There are, first, concerns that an erratic and transactional politician like Trump could severely gut AUKUS and start to scale back America’s defense presence in other parts of the Pacific, be it the QUAD or Compact States.


The Trump administration is already demanding sharp increases in annual defence spending from Australia, from nearly 2 percent to 3.5 percent of GDP, and could soon insist on new commitments to fight alongside America. If Australia cannot or refuses to make these commitments, Trump could terminate parts of the AUKUS deal. That has not happened yet, but it is not out of the realm of possibility.


The Pentagon man leading the review is one Elbridge Colby, its policy chief. Before Trump came back into office, Colby had criticized the AUKUS deal as America giving away its “crown jewels” in the Virginia nuclear-powered submarines.

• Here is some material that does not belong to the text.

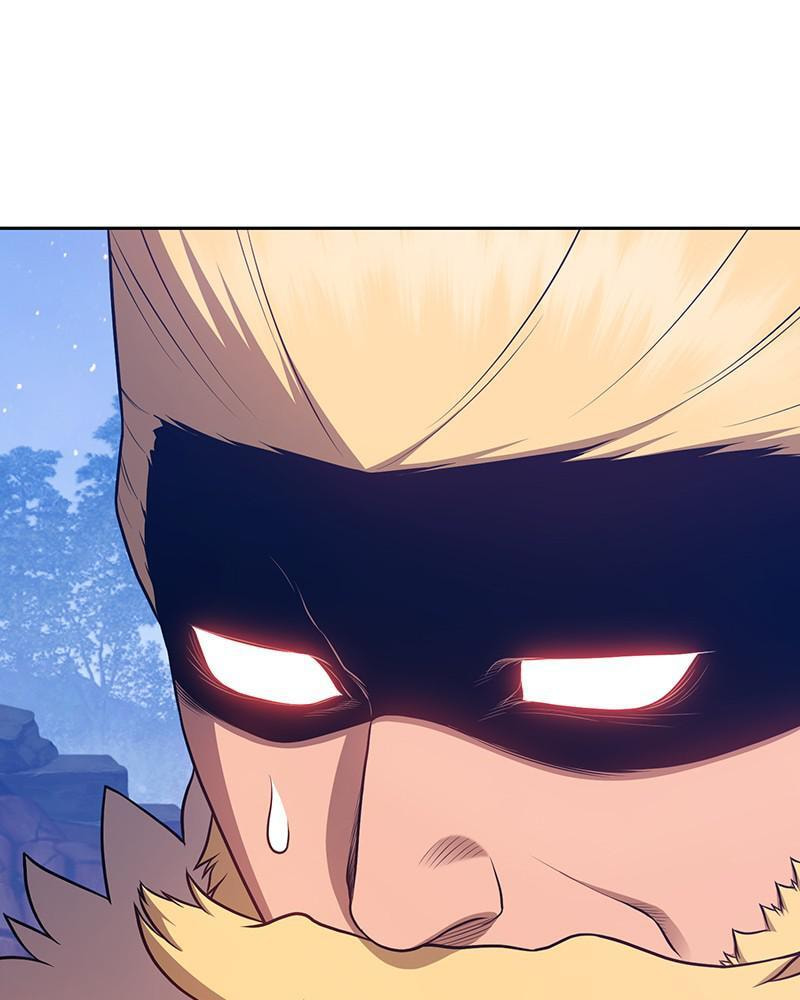 +99 Reinforced Wooden Stick Chapter 9 page 179 -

The AUKUS agreement, signed in 2021, allows Australia to deploy nuclear-powered submarines by the mid-2030s. This will allow Australia to join an exclusive club of nations operating nuclear-powered vessels, which can range over longer distances than their diesel-powered counterparts. To help Australia get boats in the water more quickly, America has agreed to sell up to five Virginia-class attack submarines in the middle of the next decade. After that, Australia will build its own submarines to a new British design in the 2040s.


Australia is also investing $3 billion into America’s submarine industry as part of the deal. It has vast congressional support, especially since much of the building is taking place in red or Republican-friendly districts. Much of Colby’s earlier criticism lacked knowledge of basic reality. Colby thought giving away these submarines would make America more vulnerable to China.


The precise point of AUKUS was to deter China in both the short and long term. More so, the AUKUS submarines will be based out of Chinese range, unlike those in Guam.


An attack is very unlikely and that was a major attraction of the deal, as was intelligence and AI sharing. It would provide Silicon Valley with a massive boom, although maybe that is why Trump dislikes it.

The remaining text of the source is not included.